Mansur'un, Enel Hak demesi, yani; ben fena buldum yok oldum yalnız Hakk kaldı, demesi büyük bir alçak gönüllük ifadesidir.” Çok doğru. Hakikaten bu bir alçakgönüllülüktür, asla kibir değildir. Yani ‘ben Allah'ım' dememiştir. Çünkü daha sonra Hallac-ı Mansur'a dediler ki “Sen bu iddiadan , Allah olma iddiasından vazgeç (onlar anlamadılar) cezadan da kurtul”. Bunun üzerine o da dedi ki; “Kim söylediyse o vazgeçsin, ben böyle bir şey demedim”. İşte haklılık demek, haklı oldum, ben nefsimle mücadele ettim. Keşke herkes benim gibi yapabilse' demektir.

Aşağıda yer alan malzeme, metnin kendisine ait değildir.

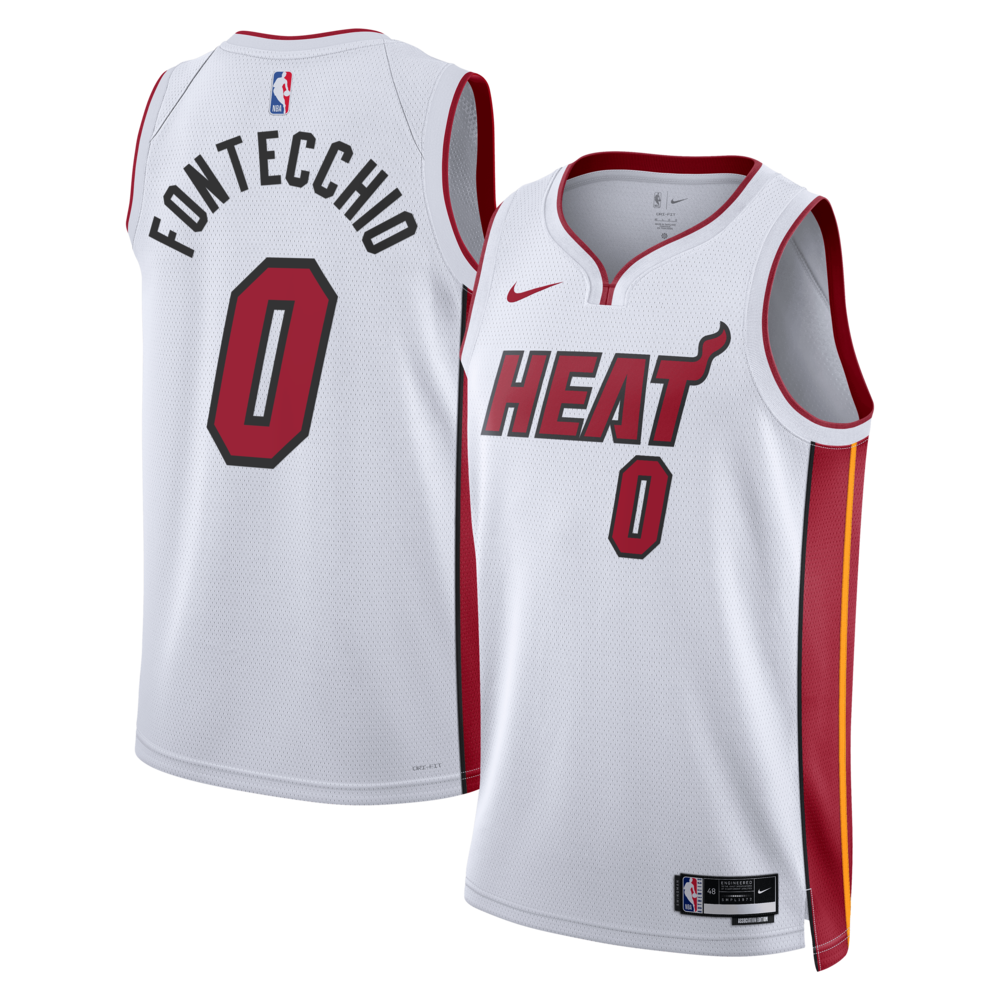 Miami Heat Simone Fontecchio Association Edition Swingman White Jersey product image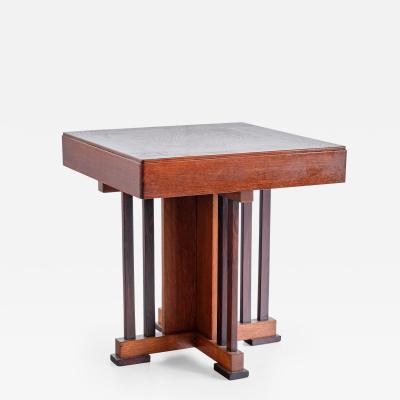 P E L Izeren P E L Izeren Side Table in Oak and Macassar Ebony Netherlands 1930s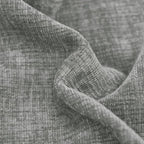 CaliTime Throw Pillow Covers Decorative 16 X 16 Inches Pack of 2 Cotton Thread Stitching Edges Solid Dyed Soft Chenille Cushion Cases for Couch Sofa Bed Living Room Farmhouse Medium Grey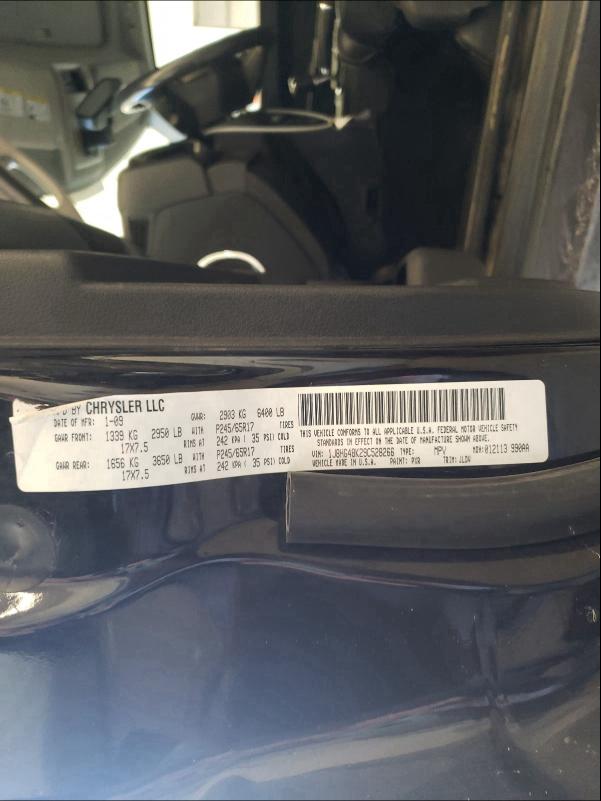 Photo 10 from auction – 2009 JEEP COMMANDER with VIN 1J8HG48K29C528266
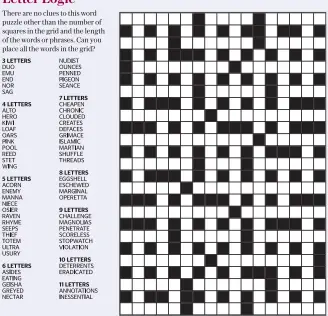 CRYPTIC CLUES THE GIANT CROSSWORD - PressReader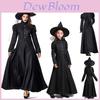 Enchanting Parent-child Sorceress Costume With Elegant Long Sleeve And Mesh Details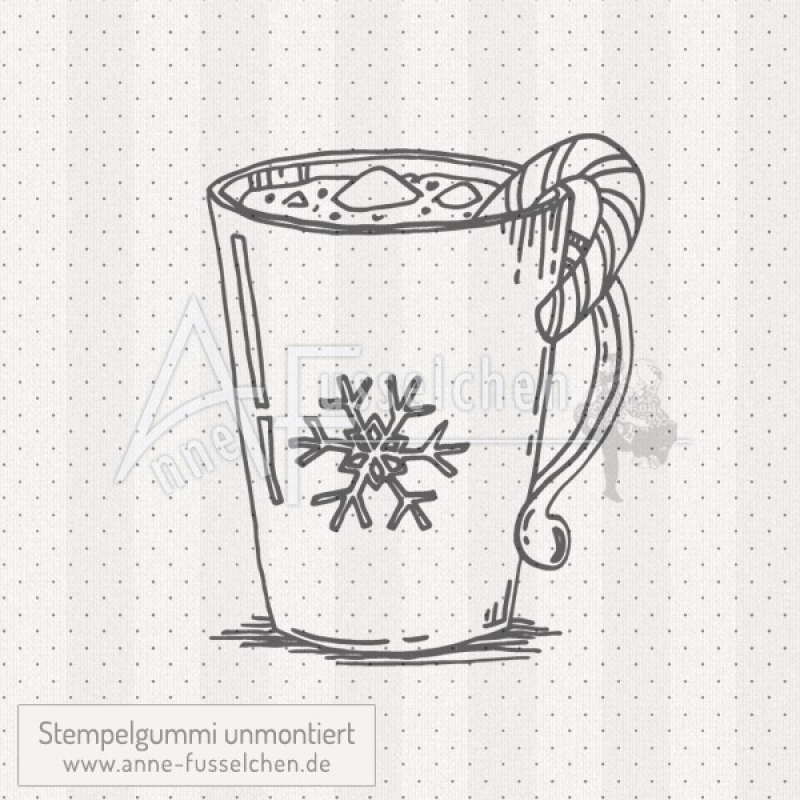 Motivstempel - Schneemanns Heißgetränk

Hallac-ı Mansur'un bütün hayatı O'nun mümin ve müslüman olduğuna dair olan delil ve beyyinelerle doludur. "Enel-Hakk" sözü ise, her insaf ve selim akıl sahibinin teslim edeceği gibi, O'nun tanrılık davası gütme amacıyla söylemiş olduğu bir söz değil aksine,
---Ben haktanım, ben gerçeğin kendisiyim ve batıl değilim.-- demektir. İmam-ı Gazali dahi bu gerçeği tecelli ve fena kavramı ile
açıklamakta ve şu örenği vererek konuyu izah etmektedir. Bir bardağa meşrubat konulunca bardakla meşrubatın rengi birbirine
karışır ve genelde meşrubatın rengi zahir olur. Bu sebeple artık bardaktan değil, sadece meşrubatın varlığından söz edilir. Bu tür
ifadeler daima fena, sekr ve tevhid hali içinde bulunan hak aşıklarının şathiyeleri sayılır ve bu şathiyelerden aşıkların sorumlu
tutulmadıkları ehlince bilinmektedir. Nitekim, Hallac'ın yaşadığı dönem ve öncesinde bu çeşit tasavvufi şathiyeler dolayısıyla
kimsenin idam edilmemesi bu tür beyanların idam sebebi olmadığını göstermektedir. Üstelik Hallac'tan sonra da tasavvuf
edebiyatında bu söz benimsenmiş özellikle Yunus Emre ve Mevlâna Celâleddin-i Rûmi tarafından bu sözün veya benzeri
ifadelerin tekrarlanmasından büyük bir ruhâni haz duymuşlar ve en muhafazakâr çevrelerce dahi bu ifadeleri kullanan
mutasavvıflar kâfir sayılmamışlardır. İşte büyük bir veli ve Hakk aşığı olduklarına hiç kimsenin itiraz edemeyeceği Yunus Emre ve Mevlâna Hazretleri Hallac ve söylediği “Enel-Hakk” sözü hakkında bakınız neler söylemişlerdir.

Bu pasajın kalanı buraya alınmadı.